Neural mechanisms of long-range spatial vision: an investigation of perceptive, integrative and association fields across the lifespan

Incoming light is processed by retinal receptors. Light reflected from objects that are nearby each other will fall onto adjacent retinal locations, and will be fed to correspondingly located neurons in the visual cortex. In the visual cortex, units of different complexity will process this information further, ultimately giving rise to our everyday visual experience. The area of space on the retina to which a visual cortex unit responds is called a visual field. The concept of visual fields has played a crucial role in the study of visual perception since the pioneering studies of Hubel and Wiesel in the 1960s. Visual fields determine which information will be bound together and which will be individuated. Away from the centre of the retina, visual fields increase in size, but this size is flexible and, somewhat surprisingly, depends on the strength of the received signals (colour or brightness) as well as the presence or absence of nearby objects, which activate neighbouring neural units. There are also visual fields of different complexity: while neurons in the primary visual cortex simply integrate the amount of brightness or colour contrast that fall within their scope, neurons beyond it integrate or individuate more complex attributes of objects, e.g. orientation, to identify the object's shape.

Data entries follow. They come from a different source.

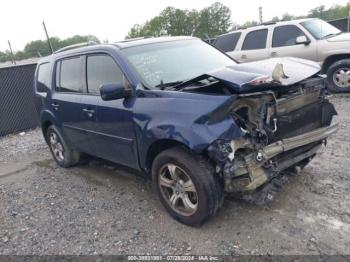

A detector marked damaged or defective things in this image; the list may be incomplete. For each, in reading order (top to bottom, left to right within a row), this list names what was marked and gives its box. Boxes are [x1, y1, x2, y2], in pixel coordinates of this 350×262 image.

damaged honda pilot [34, 35, 336, 226]
crumpled hood [204, 56, 322, 92]
crushed front end [206, 75, 338, 194]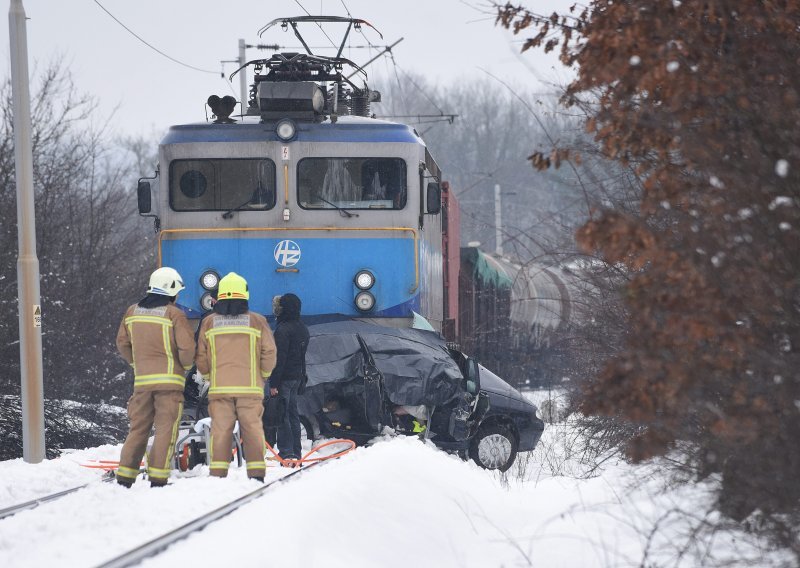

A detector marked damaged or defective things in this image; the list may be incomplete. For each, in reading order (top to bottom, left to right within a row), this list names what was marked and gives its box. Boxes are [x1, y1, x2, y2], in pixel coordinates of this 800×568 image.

wrecked car [296, 320, 548, 470]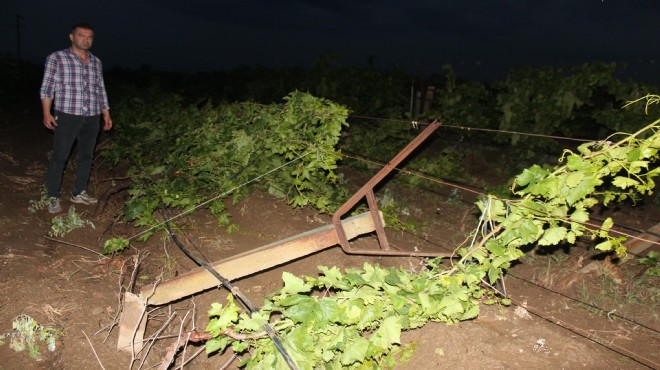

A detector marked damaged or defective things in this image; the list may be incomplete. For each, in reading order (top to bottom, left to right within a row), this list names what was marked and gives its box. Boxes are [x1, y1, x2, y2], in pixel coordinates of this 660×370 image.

rusty metal frame [332, 120, 446, 256]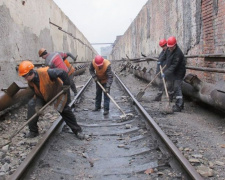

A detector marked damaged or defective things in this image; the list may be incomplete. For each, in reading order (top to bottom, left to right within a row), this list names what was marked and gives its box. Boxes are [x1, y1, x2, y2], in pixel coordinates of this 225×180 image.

rusty metal [0, 81, 33, 111]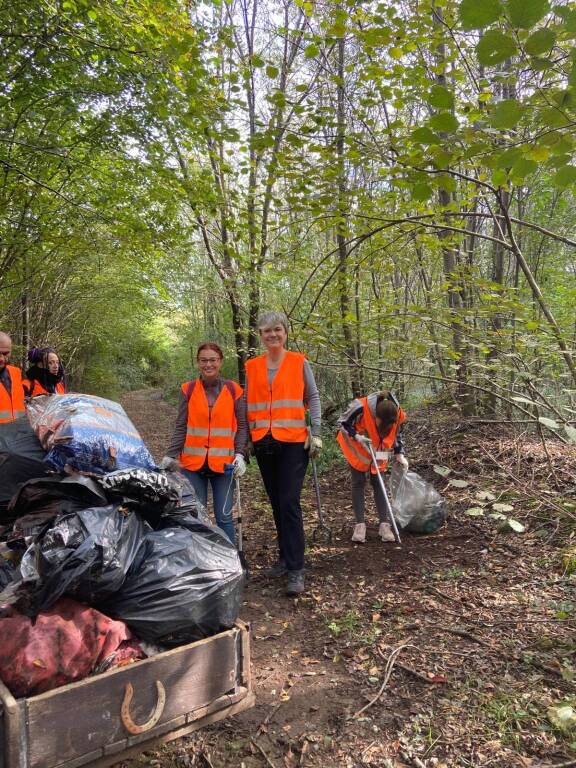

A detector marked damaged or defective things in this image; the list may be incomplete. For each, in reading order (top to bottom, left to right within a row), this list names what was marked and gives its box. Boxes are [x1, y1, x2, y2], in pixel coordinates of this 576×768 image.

rusty horseshoe [120, 680, 165, 736]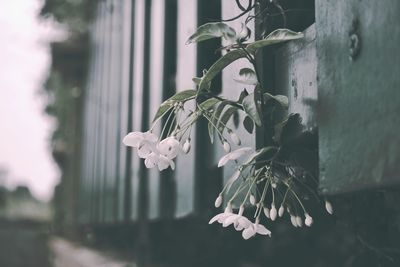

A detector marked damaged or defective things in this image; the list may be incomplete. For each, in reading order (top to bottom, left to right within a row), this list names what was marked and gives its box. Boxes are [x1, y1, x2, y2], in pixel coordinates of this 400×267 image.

rusty metal surface [316, 0, 400, 194]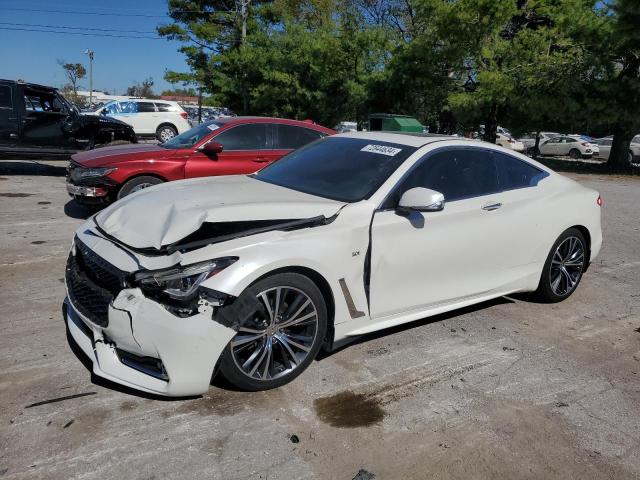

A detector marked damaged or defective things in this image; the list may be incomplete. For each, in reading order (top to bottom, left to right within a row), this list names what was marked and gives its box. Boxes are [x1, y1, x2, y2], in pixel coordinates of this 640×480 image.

crumpled hood [95, 174, 344, 249]
damaged front bumper [64, 234, 238, 396]
broken headlight [133, 258, 238, 300]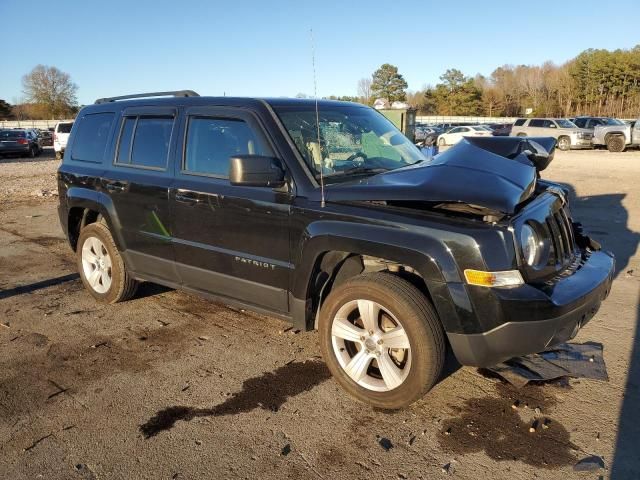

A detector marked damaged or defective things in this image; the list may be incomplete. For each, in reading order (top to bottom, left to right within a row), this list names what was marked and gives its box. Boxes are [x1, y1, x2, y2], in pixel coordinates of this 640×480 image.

shattered windshield [272, 103, 424, 184]
crumpled hood [324, 137, 556, 216]
damaged headlight [520, 224, 552, 268]
broken bumper [444, 249, 616, 366]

Therefore, visual fields determine information processing across space, especially processing of relatively long-range spatial information, which will be at some distance from each other once we move away from the centre of the retina.

The aim of this project is to build a unitary framework that would encompass neural processing within visual fields of different complexity across the lifespan. Despite years of research, such a unitary framework is still lacking: while we know a lot about "low-level" processing of colour and luminance supported by neurons in the primary visual cortex, the intermediate stages of visual processing are more difficult to probe and distinct aspects of such "mid-level" vision are often studied separately. The uniqueness of our approach is that we will probe visual fields of different complexity, covering both "low" and "mid-level" vision, using the same paradigm. This paradigm is simple yet powerful: it relies on the same stimulus, consisting of multiple oriented elements (black and white gratings known as Gabor patches) that can form different letters, to probe visual fields of different complexity by simply changing the task that the participants are performing: a) detecting the presence or absence of a target element, b) judging its properties, or c) judging the identity of the whole letter. We will establish how visual fields process stimuli defined by brightness, colour, or both, thus integrating all types of contrast visible to the human eye. Finally, we will conduct our experiments on a large sample that consists of participants that are between 20 and 80 years of age. Our experiments will combine behavioural and neuroscientific techniques, using new, state-of-the-art electroencephalographic (EEG) techniques to ascertain which neural mechanisms underlie age-related changes in visual processing. We will determine the degree to which age-related deficits are driven by an increase in neural noise, and relate it to more basic changes in contrast sensitivity. Such analyses of age-related differences will offer an exciting window into the neural mechanisms that sustain information processing in human vision. In this way, this project will not only provide a basis for theoretical developments in visual perception, but will also considerably affect our understanding of the aging of sensory mechanisms. Such information can be used to improve the quality of life for the elderly.